Thursday, January 10, 2013

一個人總要在這個城市學習如何一個人


一個人總要在這個城市學習如何一個人




大時大節,一個人在香港,其實不難過。只要不外出,就可以了。

在一家保守學校當老師,二十五歲獨身的中文老師D說,他的狀態,現在根本不可以找男朋友:「其實,你說不怕就是假的。但有時候都會按捺不住,在手機上看看Grindr(男同志聯誼用的手機應用程式),但也不敢在學校附近或鬧市的地段,甚至是不可以把照片放上網上。
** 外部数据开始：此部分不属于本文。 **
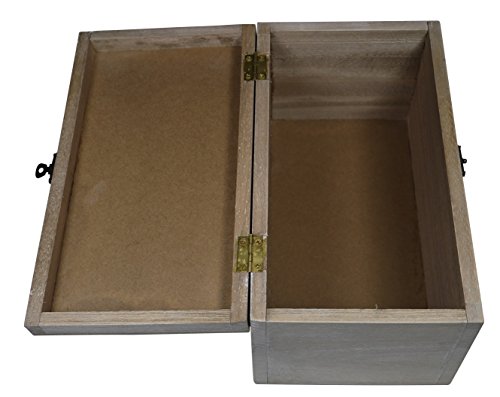 khevga Aufbewahrungsbox mit Deckel: Holz-Box Medikamente Deko - 2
」

這個當然吧。

「找一個人做做愛,當然沒有問題。但更大的問題是,你要認識一個人,交往,出外喝酒這些,在香港很基本。」

D說,他沒有當上中文老師之前,也會到一些同志喝酒的場合去見見人,自從知道好些同事因為性取向而被校長用各式各樣的行政壓力迫走後,他也不敢再在香港的同志場合出現:「最多都是一年去幾次曼谷、馬來西亞。馬來西亞很好,不用說英語,都是說廣東話。去曼谷呢,也不可以給同事知道太多。你明白,他們很喜歡加別人的Facebook去八卦。所以,我去旅行的時候大多都不會把任何照片放到網上。」D說:「這樣子解決的,只是性慾,而不是感情的需要。」

我明白的。但,你一天在這種教育工作環境工作,就得要習慣總會是這樣子?「我明白的。」D說:「但你知道,做老師,在外面轉不了行。很多公司都說,當老師那些年,不算他們的『工作經驗』。現在搬出來,家計、學費貸款,都要打點。這些事情,都很現實。」D說,他不是怨,選擇了這種生活,就得接受是這樣:「你可以怪什麼人?在香港當教師,本來就需要很多演技。你看著那些孩子,你就想告訴他們的父母,你這樣教出一頭怪物來,要我們處理,真是造孽。但後來你記得你自己只是『打份工』,交出一點演技,告訴他們:『你的孩子很有前途的,只要他肯努力』,他們就會聽得順心。最大問題是,他們根本不會努力而已。」D現在,看來都很會演技。「人過了三十歲,就知道話不可以說盡。有時候不是需要說謊,只是大家都希望聽到好說話。做人要夠『真』?算吧,楊千嬅都結婚了,真我沒有市場的。大家都知道,大家都需要一點偽善。」

只是,在這個城市,獨身也可以是一種選擇,只要你夠有錢。「只是有時候都會按捺不住。本來,有一次去文化中心看看話劇,對,找點娛樂,可以放鬆一下,花錢也不太多,都OK的。最重要的,是一定不會撞見那些學生和同事。」D說:「但有一次,很多人,很迫。大概是展覽開幕,同時所有場地都有節目要開。所以,那一家Deli and Wine就很多很多人。我中午的時候已為學生測驗,沒有時間吃飯。下課後又開會至六時。我只是想吃一個叉燒湯意粉加炒蛋的茶餐。到我排隊買東西吃的時候,那個收銀員問我:『先生,你一個人嗎?』我答:對。一個人。他又再問我:『你找了位子沒有?』我答:仍沒有。他就不慍不火的對我說:『那麼你可以要外賣嗎?』那一刻,我就火都起了,對著那個收銀員說:『我現在一個人,不可以在這兒吃飯嗎?一個人就沒有資格坐在你的餐廳嗎?你這樣說是什麼意思?我不吃了。』於是就走了。」

我絕對明白,也曾感同身受。

「在這個城市,獨身是一種罪。即使,你只是想在尖沙咀文化中心的Deli and Wine吃一個快餐,你都需要一個伴。」D幽幽的說:「或許,我應該去死。」